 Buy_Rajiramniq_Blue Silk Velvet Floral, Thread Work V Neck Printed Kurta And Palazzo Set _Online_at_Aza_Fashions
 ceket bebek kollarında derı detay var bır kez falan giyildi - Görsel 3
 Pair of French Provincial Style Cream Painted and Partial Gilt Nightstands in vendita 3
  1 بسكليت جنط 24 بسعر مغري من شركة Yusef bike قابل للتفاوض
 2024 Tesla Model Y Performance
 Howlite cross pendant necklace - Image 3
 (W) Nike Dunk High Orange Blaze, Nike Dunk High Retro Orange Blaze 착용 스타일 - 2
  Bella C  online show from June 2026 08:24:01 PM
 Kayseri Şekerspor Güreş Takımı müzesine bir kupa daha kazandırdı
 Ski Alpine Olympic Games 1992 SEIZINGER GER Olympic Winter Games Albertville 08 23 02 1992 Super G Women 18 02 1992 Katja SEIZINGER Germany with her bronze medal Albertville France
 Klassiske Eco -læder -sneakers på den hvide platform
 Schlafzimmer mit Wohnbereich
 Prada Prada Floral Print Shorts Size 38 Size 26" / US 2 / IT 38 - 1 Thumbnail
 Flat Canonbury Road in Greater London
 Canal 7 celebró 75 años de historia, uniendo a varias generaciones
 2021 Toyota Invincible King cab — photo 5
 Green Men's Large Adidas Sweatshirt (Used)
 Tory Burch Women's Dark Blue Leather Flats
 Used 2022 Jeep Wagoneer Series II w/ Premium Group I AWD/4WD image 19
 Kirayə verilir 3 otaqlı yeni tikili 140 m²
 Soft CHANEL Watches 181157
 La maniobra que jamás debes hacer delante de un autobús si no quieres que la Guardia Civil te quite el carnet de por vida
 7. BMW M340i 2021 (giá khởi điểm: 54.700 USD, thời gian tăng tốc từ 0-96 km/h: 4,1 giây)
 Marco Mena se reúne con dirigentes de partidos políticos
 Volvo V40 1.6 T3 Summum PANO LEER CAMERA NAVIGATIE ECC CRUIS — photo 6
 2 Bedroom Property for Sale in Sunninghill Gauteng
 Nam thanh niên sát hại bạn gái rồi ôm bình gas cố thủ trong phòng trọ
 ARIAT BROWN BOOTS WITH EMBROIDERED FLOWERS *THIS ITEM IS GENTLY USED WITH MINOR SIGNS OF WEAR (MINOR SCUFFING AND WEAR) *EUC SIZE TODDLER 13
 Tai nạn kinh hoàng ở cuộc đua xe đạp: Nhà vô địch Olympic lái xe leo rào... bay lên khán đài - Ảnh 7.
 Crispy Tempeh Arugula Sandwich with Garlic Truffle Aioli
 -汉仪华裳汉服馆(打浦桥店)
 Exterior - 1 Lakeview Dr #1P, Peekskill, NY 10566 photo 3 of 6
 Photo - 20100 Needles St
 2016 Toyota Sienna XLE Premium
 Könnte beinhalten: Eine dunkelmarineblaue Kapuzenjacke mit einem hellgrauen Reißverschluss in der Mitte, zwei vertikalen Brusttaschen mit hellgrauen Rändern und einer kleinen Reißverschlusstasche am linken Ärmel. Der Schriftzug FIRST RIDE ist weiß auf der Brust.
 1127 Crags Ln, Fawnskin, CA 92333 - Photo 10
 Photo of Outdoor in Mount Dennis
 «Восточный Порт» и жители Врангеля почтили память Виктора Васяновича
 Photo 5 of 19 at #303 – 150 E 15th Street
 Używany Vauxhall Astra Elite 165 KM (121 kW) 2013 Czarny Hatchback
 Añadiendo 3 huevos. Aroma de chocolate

________________

## Brief
Repeat exactly the lines above from the one with "7. BMW M340i" up to and including the one with "-汉仪华裳汉服馆(打浦桥店)". No other line belongs in the reply.

## Task answer
 7. BMW M340i 2021 (giá khởi điểm: 54.700 USD, thời gian tăng tốc từ 0-96 km/h: 4,1 giây)
 Marco Mena se reúne con dirigentes de partidos políticos
 Volvo V40 1.6 T3 Summum PANO LEER CAMERA NAVIGATIE ECC CRUIS — photo 6
 2 Bedroom Property for Sale in Sunninghill Gauteng
 Nam thanh niên sát hại bạn gái rồi ôm bình gas cố thủ trong phòng trọ
 ARIAT BROWN BOOTS WITH EMBROIDERED FLOWERS *THIS ITEM IS GENTLY USED WITH MINOR SIGNS OF WEAR (MINOR SCUFFING AND WEAR) *EUC SIZE TODDLER 13
 Tai nạn kinh hoàng ở cuộc đua xe đạp: Nhà vô địch Olympic lái xe leo rào... bay lên khán đài - Ảnh 7.
 Crispy Tempeh Arugula Sandwich with Garlic Truffle Aioli
 -汉仪华裳汉服馆(打浦桥店)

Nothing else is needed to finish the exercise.